As an alternative to crowded
malls filled with crazed consumers and mass-produced goods, the
Esperanza’s Peace Market features unique, handmade gifts and artesania
centered around themes of peace, social justice, cultural diversity, and ecological concerns.
Shoppers can wield their economic power by spending their time and money
supporting individuals and groups that are fighting for a better world.

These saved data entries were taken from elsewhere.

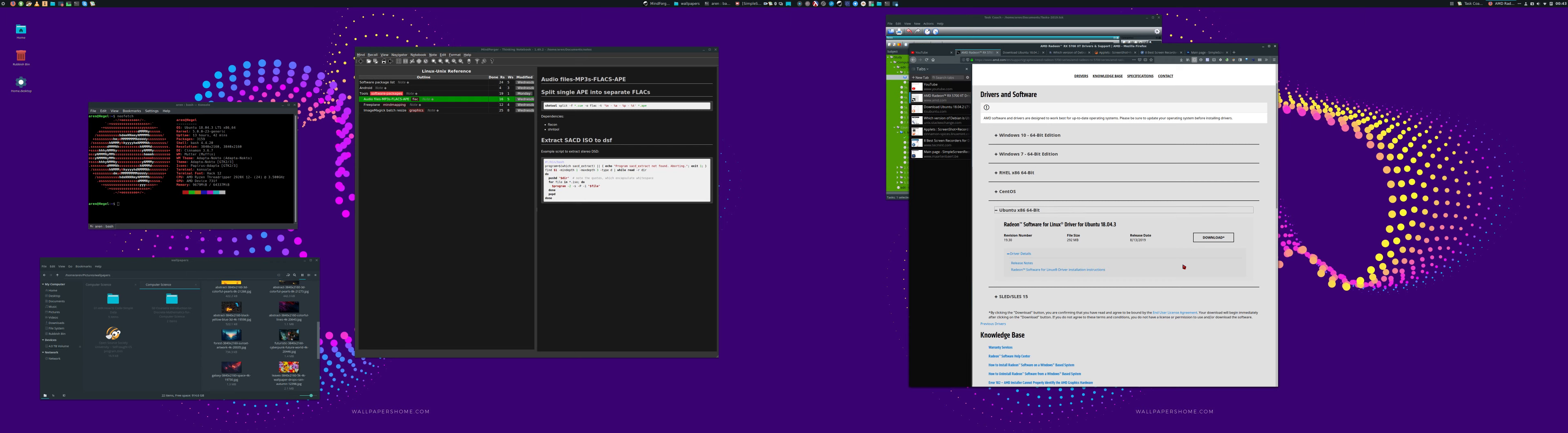But I thought I'd give Cinnamon a try, and I was very pleasantly surprised.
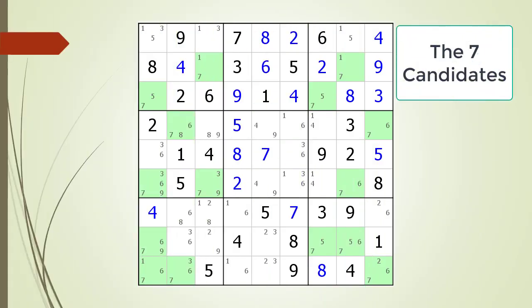Next, consider the following Sudoku in progress. Pause the video and find the X-Wing with the possible candidate currently highlighted. Here is the X-Wing that was hidden and the possible candidates that can be removed.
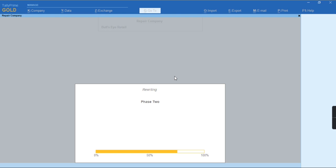It will keep working in the background. Once this rewriting gets completed, your data will be able to open in Tally Prime successfully.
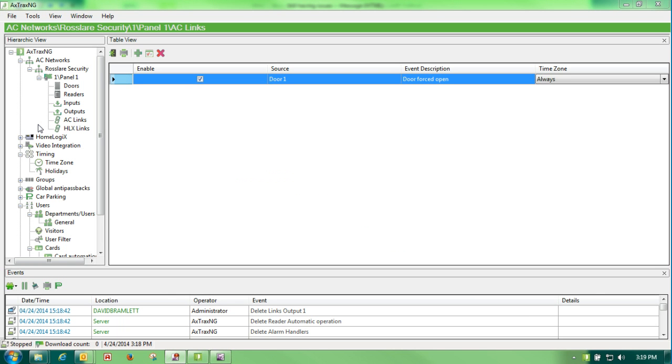A question that we get frequently is how do I set an auto door open? An auto door open being I have a front door. I want that door to open every Monday through Friday from 8 to 5 so that we do not have to use a badge.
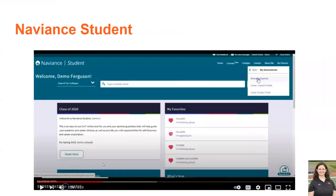Another tool that we will explore later this month is called Naviance Student, though you can certainly go in early to start exploring. There's a Strengths Explorer, which is a survey you can take to learn about different strengths and potential career interests. It will advise you on courses and subjects you might be interested in. There's also a feature called Course Planner in the Academic Career Plan, and we're going to dive further into that at the end of this month through another SEL lesson. Naviance Student is linked to your landing page as well.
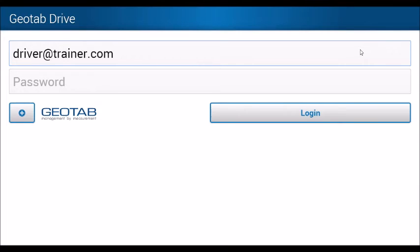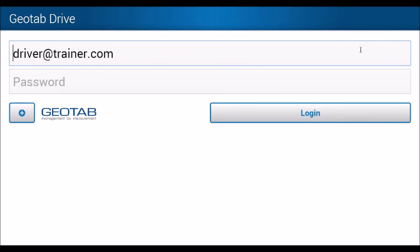So again, at the end of the day, go into the Hours of Service section, put yourself off-duty, simply log out. If you have logs that need to be verified, select Yes, select all your logs, verify them, and log out again.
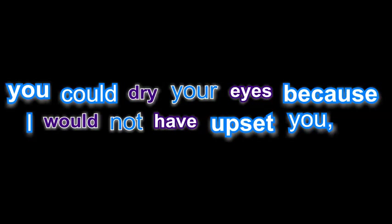If I'd met you, you could dry your eyes, cause I would not have upset you. There would be no lies, and we could maybe have been happy in our separate ways.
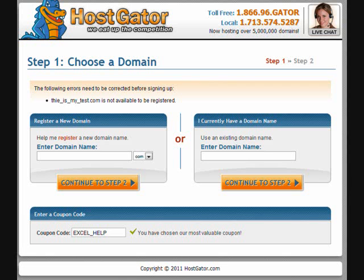As a special treat for watching, you can get 25% off website hosting by visiting HostGator and entering Excel underscore help as a coupon code.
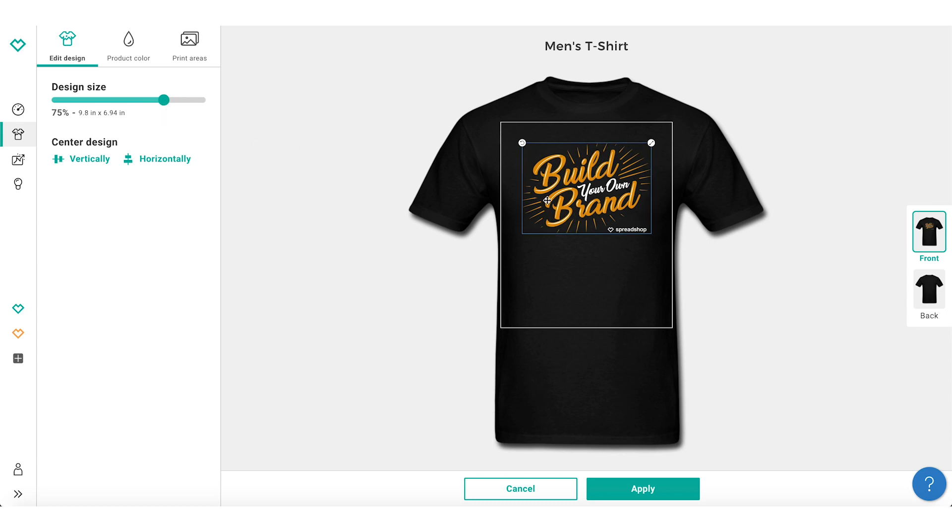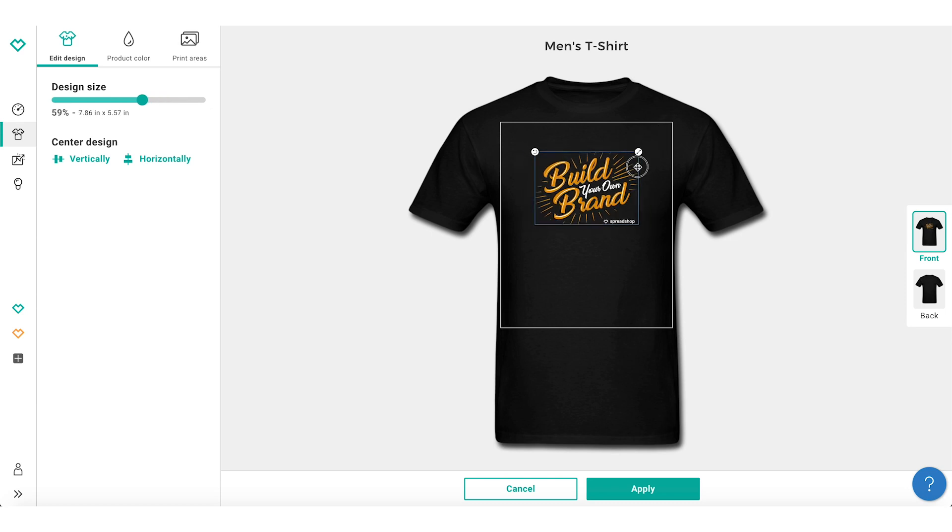You also have the option to adjust the size of the graphic by selecting the top right corner of the design and dragging to adjust the image.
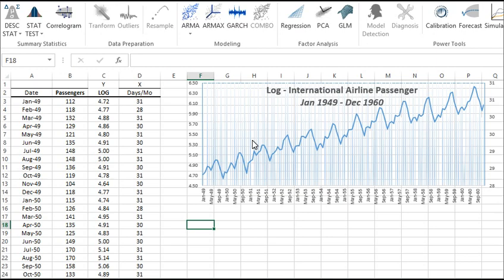Hello and welcome to the NumXL tutorial video for the SARIMA X model. In this tutorial, we will use the log of the monthly airline passengers data from between January 1949 and December 1960.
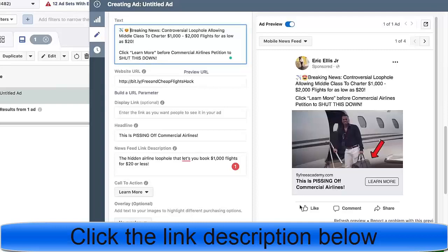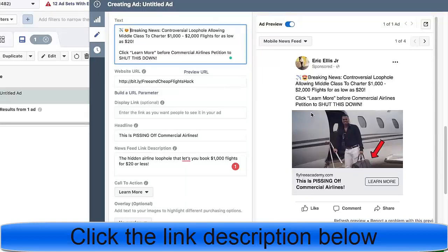If the image is boring, people scroll past. If the headline doesn't build curiosity — like just saying 'get cheap travel' — people assume you're selling something and scroll on. But a headline like 'this is pissing off commercial airlines' uses negativity, which sells. Then the text says: 'Breaking news — controversial loophole allowing middle class to charter thousand-dollar to two-thousand-dollar flights for as low as $20.' That captures attention with curiosity, then you have a strong call to action.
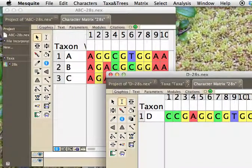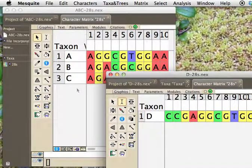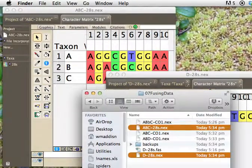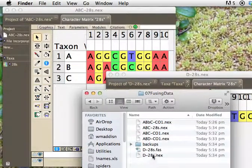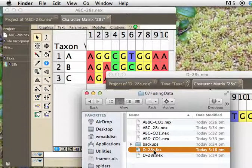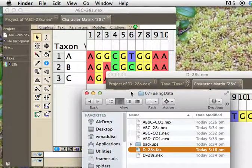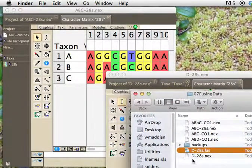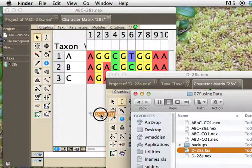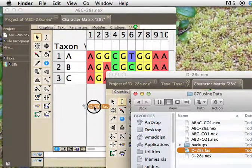Now, it would be nice if we could just do something like grab it here and drag it across there, but that isn't possible yet in Mesquite, and so we're going to do it at the file level. One of the easy ways to do this is to save the file as a FASTA file because there's a special way to import FASTA files where we just take the file here, so this is the same D file saved as FASTA, and we just drag it over top of the matrix window.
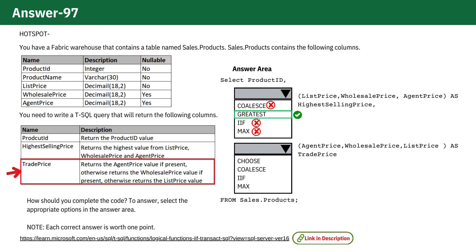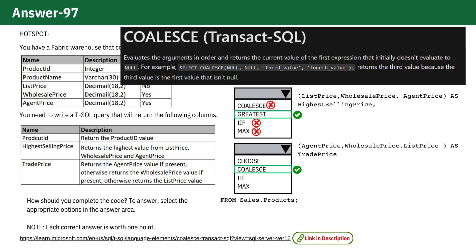Next, for the trade price column, our goal is to return agent price if it exists. If not, we move to wholesale price, and if that's also null, we fall back to list price. The perfect function for this logic is COALESCE, which returns the first non-null value in the sequence.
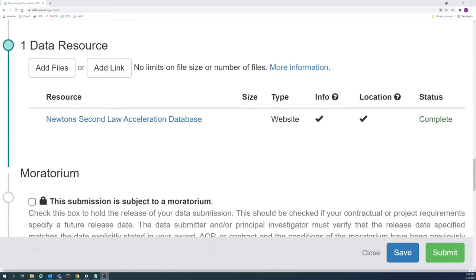If data resources are publicly and permanently available elsewhere, a link to their location may be added instead of directly uploading the files. This link can be to another database or to the resource itself.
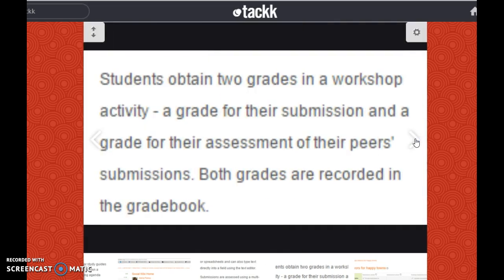Students obtain two grades in a workshop activity: a grade for their submission and a grade for their assessment of their peers' submissions. Both grades are recorded in the grade book.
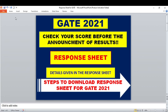This response sheet is also applicable for other national-level entrance exams. In the next video, I'll tell you how you can tally and find out your score for the GATE 2021 exam. If you like my content, please click the like button, and if you haven't subscribed to my YouTube channel and you like my content, please click the subscription button below.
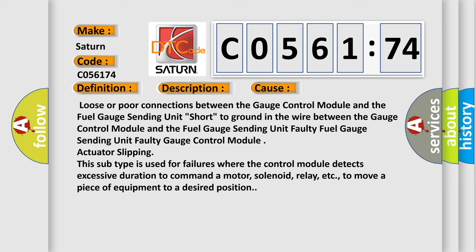Faulty fuel gauge sending unit, faulty gauge control module actuator slipping. This subtype is used for failures where the control module detects excessive duration to command a motor, solenoid, relay, etc. to move a piece of equipment to a desired position.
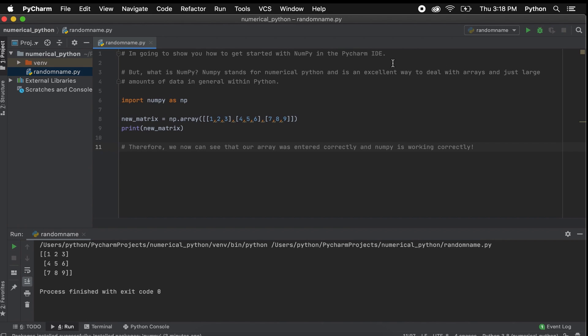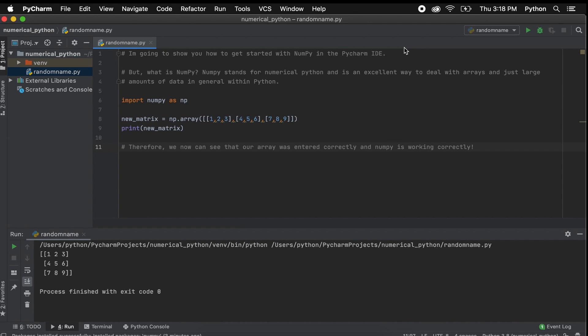If you receive an error that states module numpy has no attribute array, do not worry, I also had this error. Just go to your finder window and search for numpy.py. There should be a file with that name, just change it to anything else and your code should run without problems.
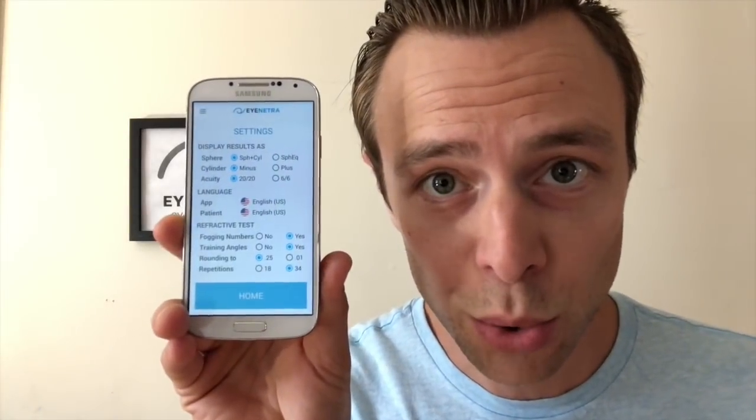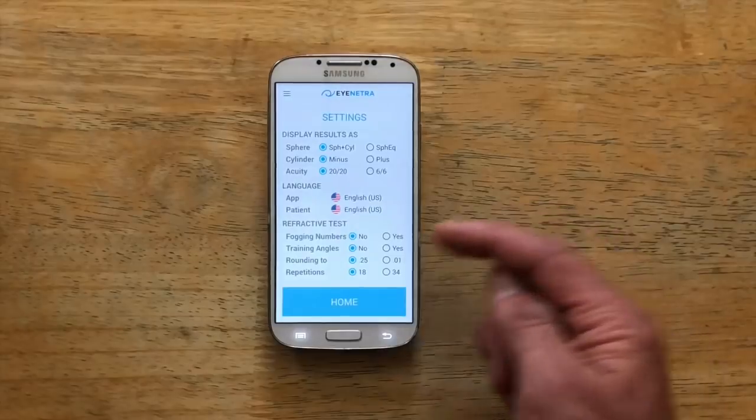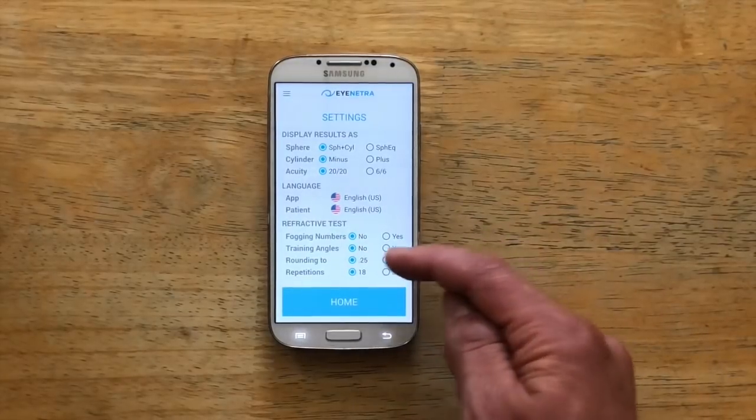Rounding: this feature allows you to change how your autorefractor results are displayed. Netra rounds to the nearest quarter diopter (0.25D), however you can disable this by selecting 0.01. This can be great if you want a higher level of precision to do the rounding yourself, if you're trying to diagnose very small levels of astigmatism under half a diopter, or if you're running a side-by-side experiment with the device.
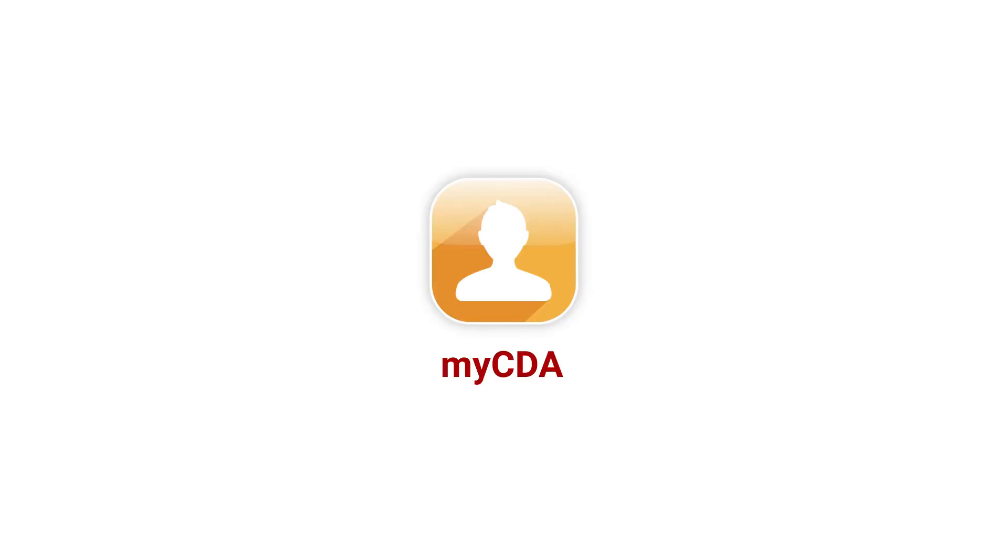We hope you enjoyed the myCDA Getting Started video. If you have any questions, comments, or concerns, please feel free to email us at mycda@diabetes.ca.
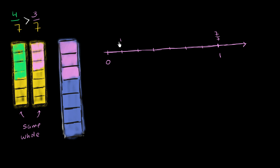And this right over here is 1/7, 2/7, 3/7, 4/7, 5/7, 5/7, and 6/7.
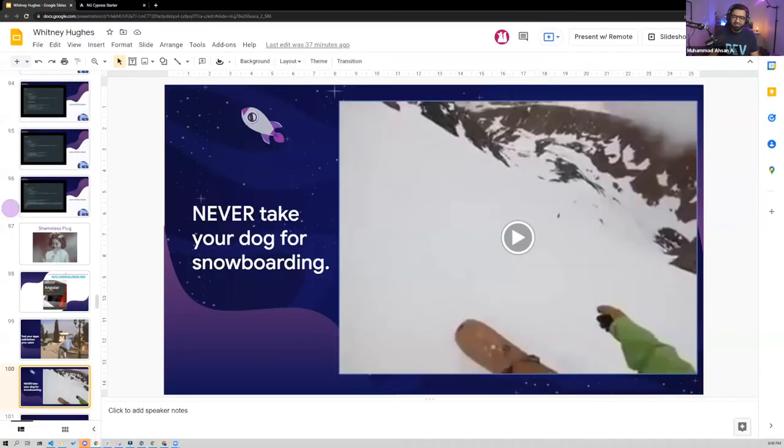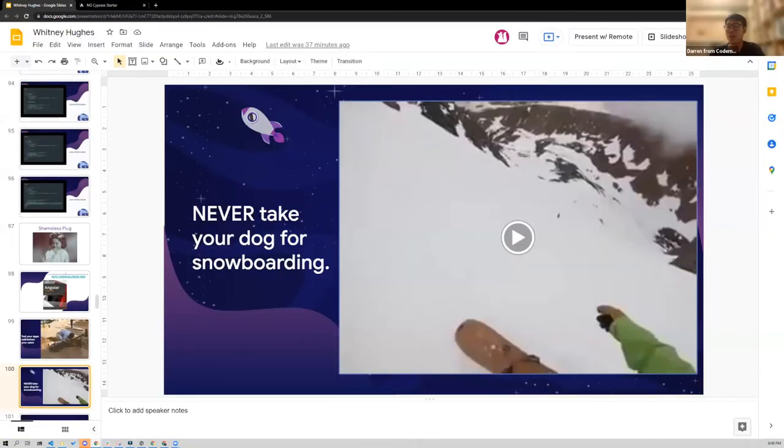That was a lot of great content. Now it's time for questions — we have quite a few in the Q&A box already. We'll get through as many as possible. You can still type in the Q&A box at the bottom.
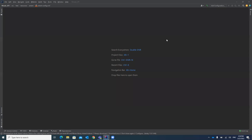Hello guys, welcome to my channel Raul Automation Studio. Today in this video I'm going to explain how you can create a Maven project in IntelliJ. IntelliJ is basically lightweight and you can create a project in it.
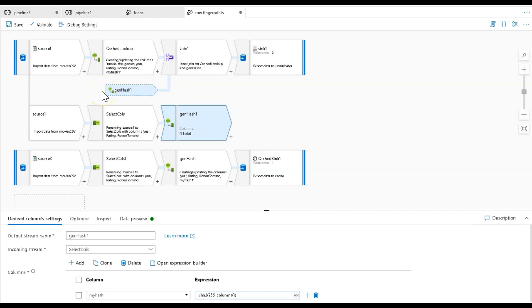When building ETL processes, you often need to find uniqueness in your data. There are many reasons for that. A few could be where you need to find only the data that has changed in your source, or you're just looking to deduplicate data within your rows.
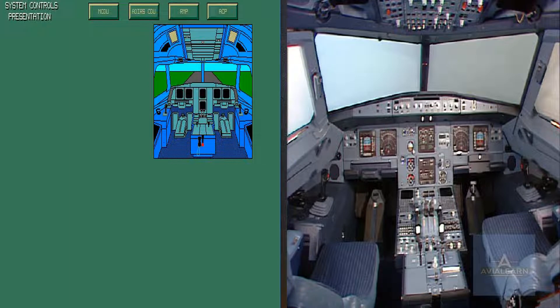The objective of this module is to identify and locate the controls of the navigation subsystems and understand their purpose.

A diverse array of gifts are offered each year from artists like: Oscar Alvarado,
mosaic-tile artist and found-object furniture designer; Veronica Castillo,
internationally-renowned ceramic artist from Izucar de Matamoros, Mexico; Martha Prentiss,
silversmith and owner of Prentiss Jewelry; Barrio Beat/Alma de la Raza, a company
that seeks to carry on Chicana/o culture through community-based business
enterprise, and to reflect and include voices of the pueblo in its operations;
and Colores del Pueblo (formerly Pueblo to People), a Houston-based nonprofit
organization that buys merchandise from over 200 grassroots craft and agricultural
co-ops throughout Latin America—paying much better prices than for-profit
corporations—and then resells directly to consumers in the U.S., thereby
eliminating unfair profit and providing artists in developing countries
a larger market for their work.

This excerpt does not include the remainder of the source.